== Directions for this task ==
Exactly the lines from the one with "Limehome Rome Via Fortebraccio Номер фото" through the end of the data below must be set down, and no pictures with them.

== Stored data ==
·····
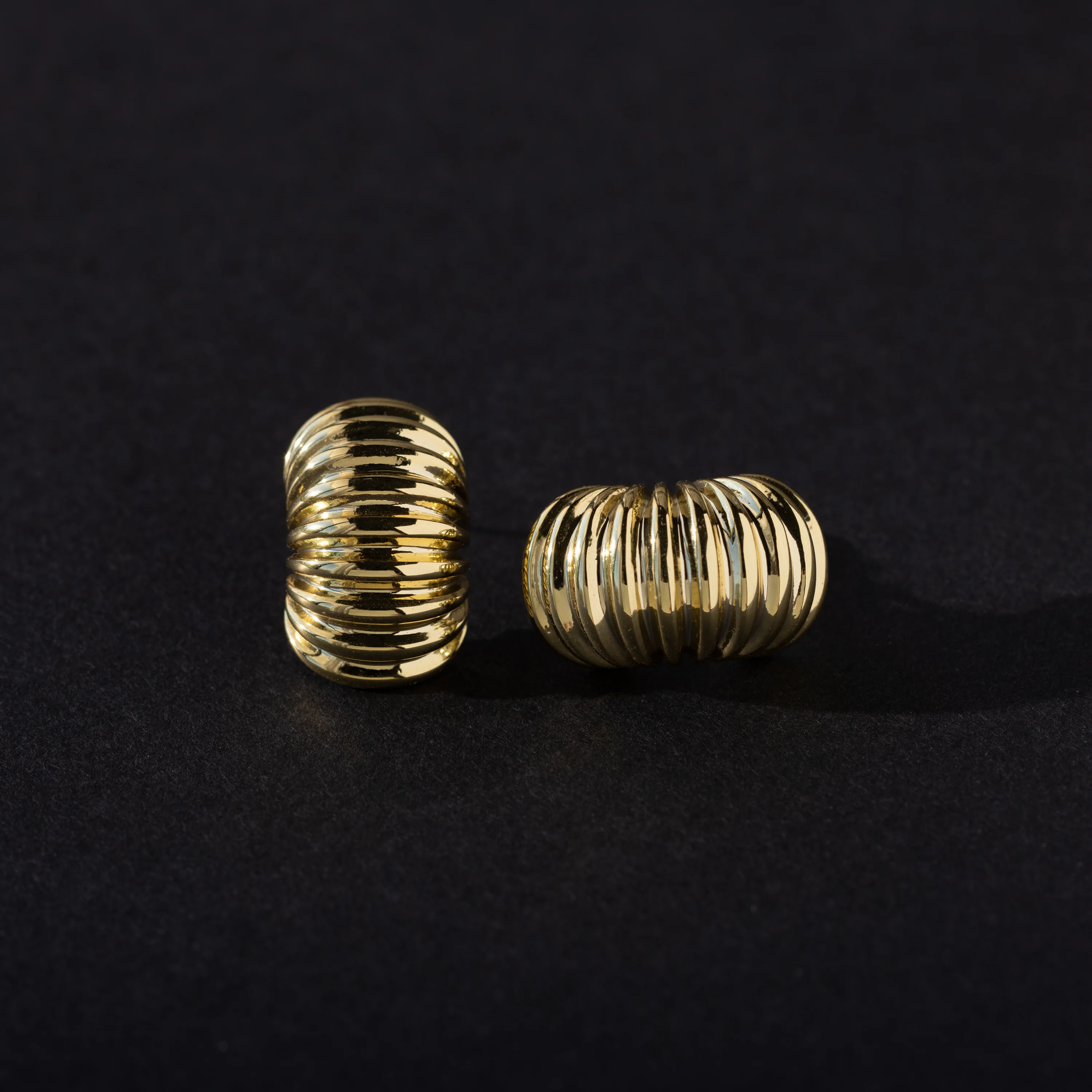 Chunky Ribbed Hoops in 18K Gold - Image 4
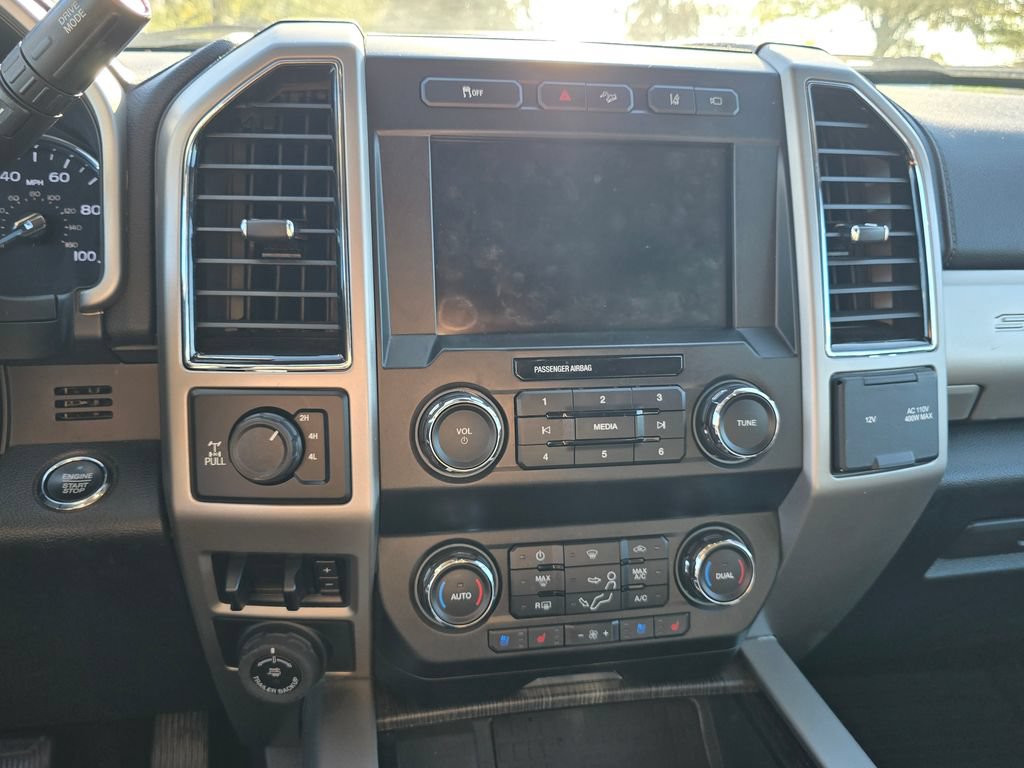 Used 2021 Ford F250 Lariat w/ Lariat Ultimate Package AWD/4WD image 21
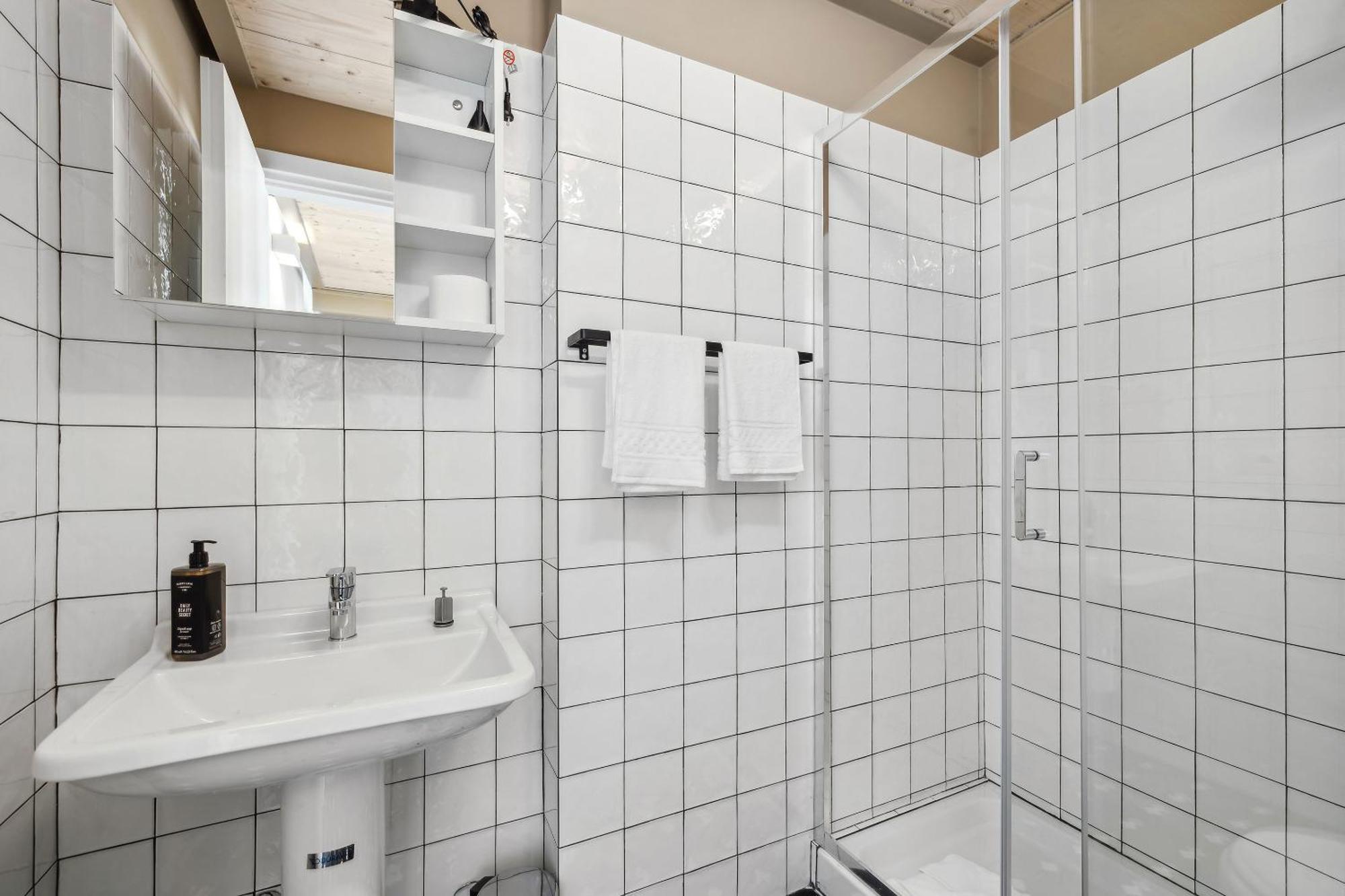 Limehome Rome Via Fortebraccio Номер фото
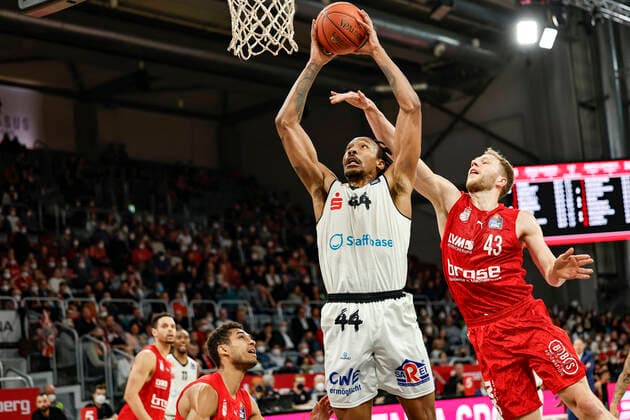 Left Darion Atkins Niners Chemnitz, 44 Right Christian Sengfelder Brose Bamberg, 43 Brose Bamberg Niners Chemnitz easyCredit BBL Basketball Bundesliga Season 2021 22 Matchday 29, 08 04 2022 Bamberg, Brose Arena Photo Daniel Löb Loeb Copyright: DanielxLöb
·····
== The answer ==
 Limehome Rome Via Fortebraccio Номер фото
 Left Darion Atkins Niners Chemnitz, 44 Right Christian Sengfelder Brose Bamberg, 43 Brose Bamberg Niners Chemnitz easyCredit BBL Basketball Bundesliga Season 2021 22 Matchday 29, 08 04 2022 Bamberg, Brose Arena Photo Daniel Löb Loeb Copyright: DanielxLöb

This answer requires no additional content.